Dataset excerpts:
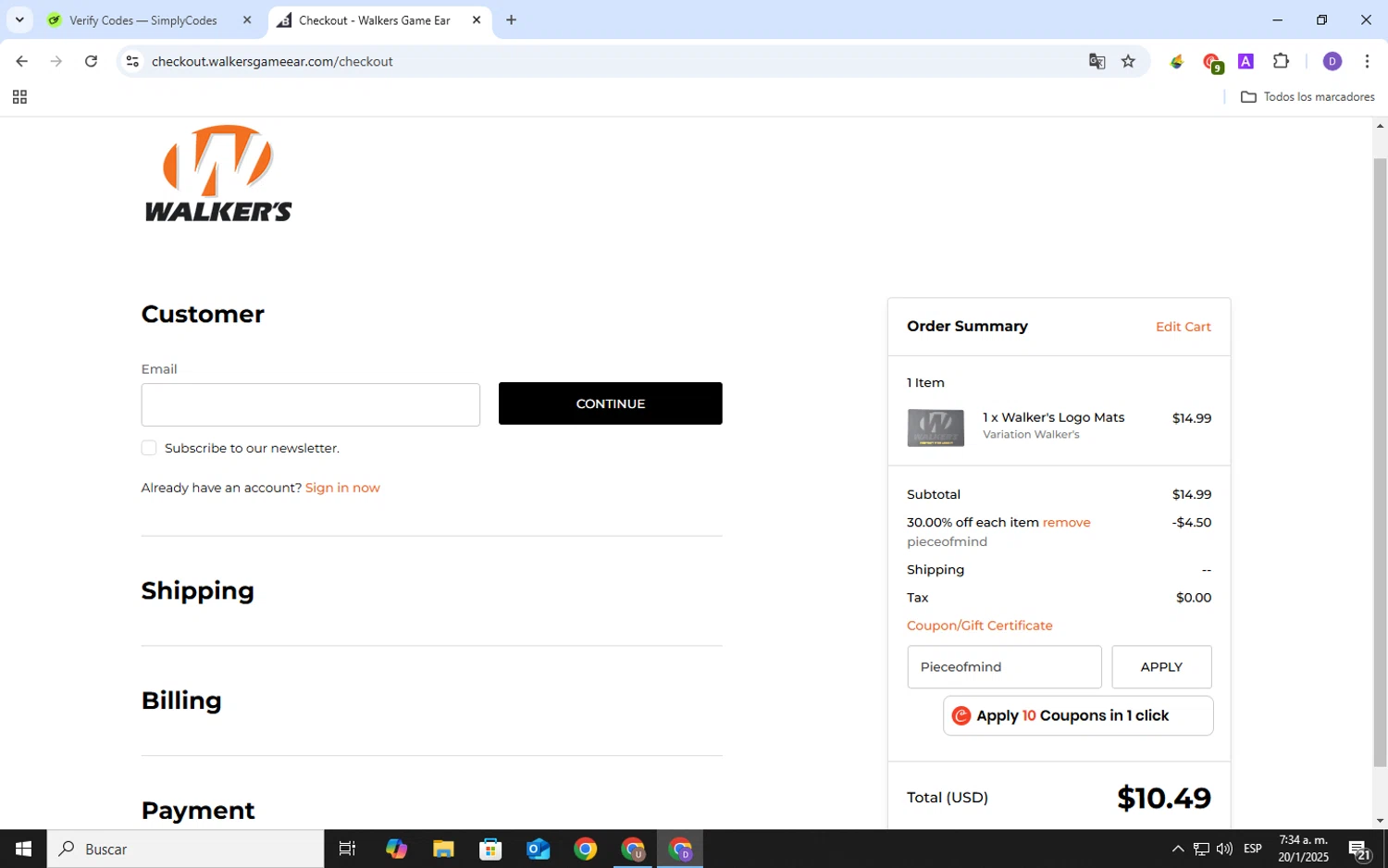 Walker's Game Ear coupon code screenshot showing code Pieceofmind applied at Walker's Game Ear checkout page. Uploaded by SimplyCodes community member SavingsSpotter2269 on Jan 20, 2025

--

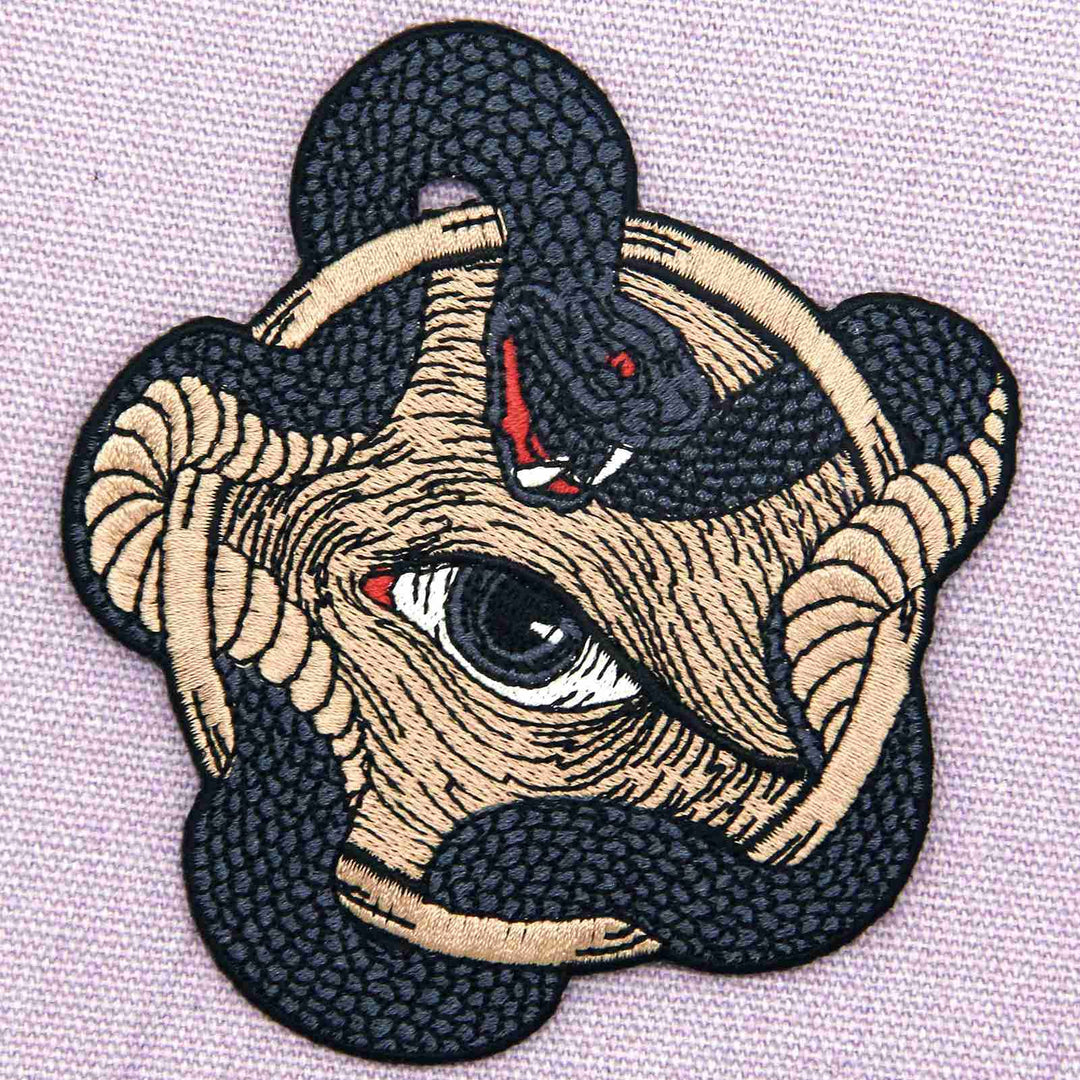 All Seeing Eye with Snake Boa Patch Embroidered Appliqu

* * *

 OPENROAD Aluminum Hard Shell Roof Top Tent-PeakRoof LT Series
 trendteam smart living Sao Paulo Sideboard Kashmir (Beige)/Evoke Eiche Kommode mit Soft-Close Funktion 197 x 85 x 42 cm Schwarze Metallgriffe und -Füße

What you will do: Could you restate, word for word, the lines above from the one with "OPENROAD Aluminum Hard" to the one with "trendteam smart living", both included?

Written answer:
 OPENROAD Aluminum Hard Shell Roof Top Tent-PeakRoof LT Series
 trendteam smart living Sao Paulo Sideboard Kashmir (Beige)/Evoke Eiche Kommode mit Soft-Close Funktion 197 x 85 x 42 cm Schwarze Metallgriffe und -Füße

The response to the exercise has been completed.